Der rumänische Autor Mircea Cărtărescu wird von der Kritik zu den großen europäischen Schriftstellern der Gegenwart gezählt als begnadeter Visionär und Sprachkünstler der Literatur. Sein frühes Meisterwerk Travestie, ein Adoleszenz- und Künstlerroman, jetzt bei Suhrkamp erschienen, erzählt von der Suche eines jungen Menschen nach sich selbst.

Der sensible, verschlossene Victor könnte ein Geschöpf von Marcel Prousts sein, so rauschhaft erfährt er die Welt, die ihn im krisenhaften Sommer 1973 umgibt: das Guthaus in Budila, wo er mit seinen Mitschülern die Ferien verbringt, den geheimnisvollen Park und das „Tal des Paradieses“. Doch dieser kleine Kosmos bevölkert sich nachts mit den Gespenstern, die aus den Katakomben seines Bewusstseins aufsteigen.
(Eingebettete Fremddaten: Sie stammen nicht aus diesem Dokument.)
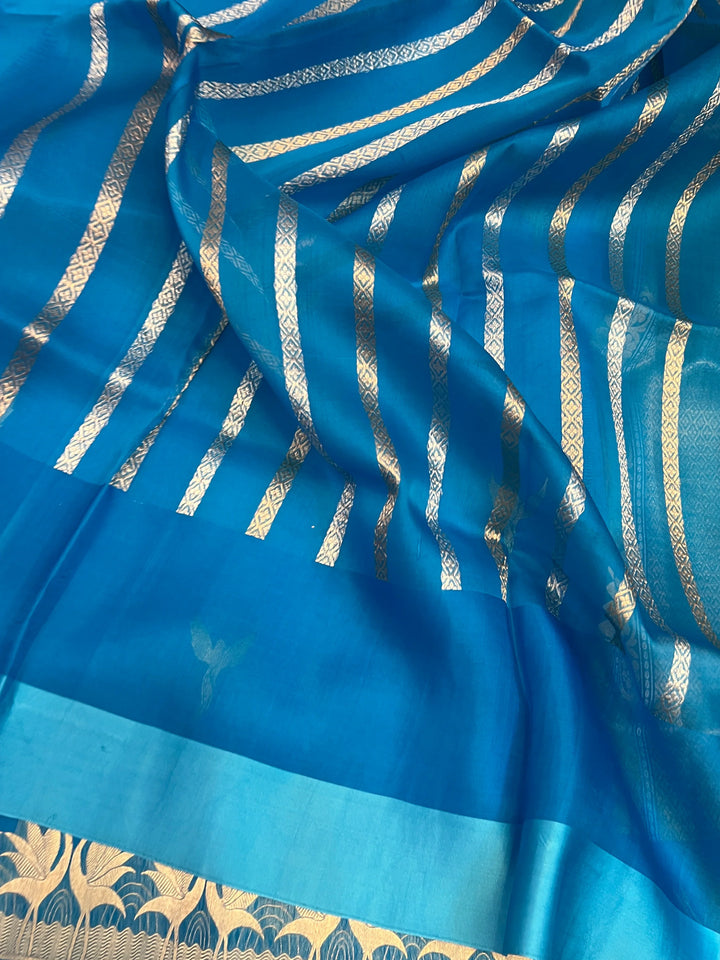 Blue Kora Silk Banarasi Saree with Dual Border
Die dreiste sexuelle Berührung seines Mitschülers Lulu, der sich beim Abschiedskarneval als Frau verkleidet hat, stößt ihn in eine Krise, die er erst nach vielen Jahren, buchstäblich auf der letzten Seite der Travestie überwunden hat.

Mircea Cărtărescus Buch ist keine leicht zu lesende Kost. Der Autor taucht tief in die Psyche des 17-jährigen Victor ab und entblättert ein in die Fantasik abdriftendes Horroszenario von Erlebnissen in der Pubertät, die erst über Jahre  verarbeitet werden können. Der Leser begibt sich mit diesem Buch auf einen literarischen Parforceritt, der nicht als Unterhaltungslektüre konzipiert ist. Aber dabei läge man sowieso bei Mircea Cărtărescu falsch.

Mircea Cărtărescu, 1956 in Bukarest geboren, veröffentlicht seit 1978 Lyrik und Prosa. 1997 erschien Nostalgia, 2007 der erste Teil seiner Orbitor-Trilogie unter dem Titel Die Wissenden.

Travestie von Mircea Cărtărescu ist bei Suhrkamp erschienen.